In this Math Camp session, we’re going to explore working with distributions in R
. Things we’ll cover include:
R
.R
.Let’s get started!
# libraries
library(tidyverse) # for grammar
library(ggridges) # for plotting pretty distributions
library(foreach) # for running loops
A probability distribution or density is a mathematical function that describes the probability of observing an occurrence of some outcome. As you learned in the session on sets, intervals, and functions, a function is a mapping between some \(n\)-dimensional input and some \(n\)-dimension output. A probability function is a particular type of function that takes as input some real valued number or integer, and returns a value between 0 and 1. Formally, a probability distribution is a function such that \[f: \mathbb{R}^n \to [0,1].\]
As an example, say we have the function \(f : x \to y\) where \(x \in \mathbb{R}\) and \(y \in (0,1]\). In words, \(f\) is a function that takes as input any value \(x\) which lives in the domain of real numbers, and maps this to a value \(y\) that lives in the domain of real numbers between 0 and 1, with 0 non-inclusive. Such a function could look like this \[y = f(x) = \frac{1}{1 + x^2}.\]
Now, say we have a vector of \(x\) values where \(x = \{-2.5,-2.4,-2.3,...,n-0.1,n,n+0.1,...,2.3, 2.4, 2.5 \}\). We can use our function \(f\) to map these \(x\) values to corresponding \(y\) values on an x-y plot:
Looking at the correspondence between \(x\) and \(y\) values with a plot like this helps to demonstrate the intuition behind “mapping.” In the above figure, our function \(f\) literally helps us to map out \(x\)-\(y\) coordinates given values of \(x\).
With this particular example, we can think of our function \(f\) that we’ve just defined as a type of probability density function since it takes a real number and converts it into a probability—a value between 0 and 1 that describes the proportion of the time that we can expect to observe a particular value of \(x\), or perhaps some outcome given a value of \(x\).
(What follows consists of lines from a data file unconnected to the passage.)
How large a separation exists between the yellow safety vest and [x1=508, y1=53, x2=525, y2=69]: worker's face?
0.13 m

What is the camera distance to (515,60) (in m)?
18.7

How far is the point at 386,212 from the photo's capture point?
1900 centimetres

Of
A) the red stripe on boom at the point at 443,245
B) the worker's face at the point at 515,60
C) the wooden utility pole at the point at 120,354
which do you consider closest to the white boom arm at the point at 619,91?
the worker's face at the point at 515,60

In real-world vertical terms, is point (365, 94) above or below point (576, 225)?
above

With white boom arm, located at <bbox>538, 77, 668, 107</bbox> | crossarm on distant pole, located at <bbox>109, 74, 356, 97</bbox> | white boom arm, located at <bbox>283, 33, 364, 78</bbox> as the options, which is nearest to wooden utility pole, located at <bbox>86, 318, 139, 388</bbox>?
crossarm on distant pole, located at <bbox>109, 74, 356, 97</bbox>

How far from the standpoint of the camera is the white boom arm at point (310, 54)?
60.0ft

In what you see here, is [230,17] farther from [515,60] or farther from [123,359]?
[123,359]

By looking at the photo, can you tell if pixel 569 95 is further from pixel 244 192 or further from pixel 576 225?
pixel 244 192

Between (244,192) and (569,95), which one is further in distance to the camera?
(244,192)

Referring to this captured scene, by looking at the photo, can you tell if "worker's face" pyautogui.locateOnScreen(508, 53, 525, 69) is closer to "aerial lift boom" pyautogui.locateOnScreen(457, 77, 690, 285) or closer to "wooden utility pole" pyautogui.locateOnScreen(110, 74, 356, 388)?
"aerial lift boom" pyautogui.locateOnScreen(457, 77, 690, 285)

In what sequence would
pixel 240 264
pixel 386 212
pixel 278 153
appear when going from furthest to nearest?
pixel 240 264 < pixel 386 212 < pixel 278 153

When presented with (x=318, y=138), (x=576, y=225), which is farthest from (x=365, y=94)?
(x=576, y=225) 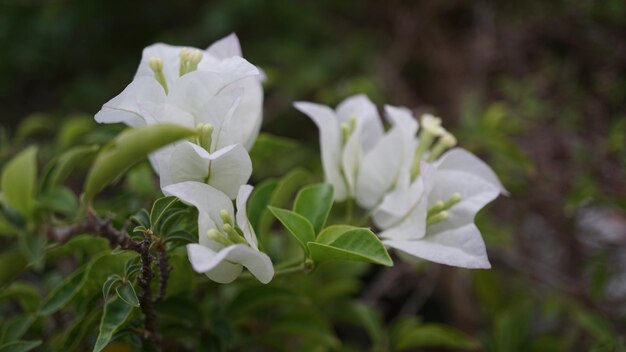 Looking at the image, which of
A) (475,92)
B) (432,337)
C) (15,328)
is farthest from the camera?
(475,92)

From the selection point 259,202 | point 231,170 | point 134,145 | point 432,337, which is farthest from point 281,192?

In short, the function \(f\) is a formal way of characterizing the distribution of values for some variable, in this case \(x\).
Now, in practice a researcher doesn’t just use any odd probability density function they can conjure up (as we just did above). There are countless classes and types of distribution functions, each a theoretical model characterizing the distribution of certain types of variables.
One of the most common (and probably one that you were most likely to have been exposed to prior to now) is the normal or Gaussian distribution. This usually looks like this:
The theoretical probability density function (p.d.f.) that describes the normal distribution is, \[f(x|\mu,\sigma) = \frac{1}{\sigma\sqrt{2\pi}} \exp\left( -\frac{(x - \mu)^2}{2\sigma^2} \right).\] In addition to mapping values of the variable \(x\) to unique probabilities, the p.d.f. also has two parameters that provide information about the variable’s mean (\(\mu\)) and standard deviation (\(\sigma\)).
As shown below, the value of \(\mu\) determines the central tendency of the variable’s distribution, while \(\sigma\) determines the variable’s dispersion around the mean.
Larger values of \(\sigma\) will mean a wider curve describing the distribution of a variable, while differing values of \(\mu\) will change where the curve reaches its peak—as you can see below.
The normal distribution describes the probability of observing values of some continuous variable. But in many applied settings researchers deal with discrete variables. For example, a political scientist might use a 7 point political ideology scale that only takes the values 0, 1, 2,…, 5, 6, to predict the likelihood of voting for a parliamentary candidate (with a vote for said candidate being coded as 1, and a vote for any other candidate as 0).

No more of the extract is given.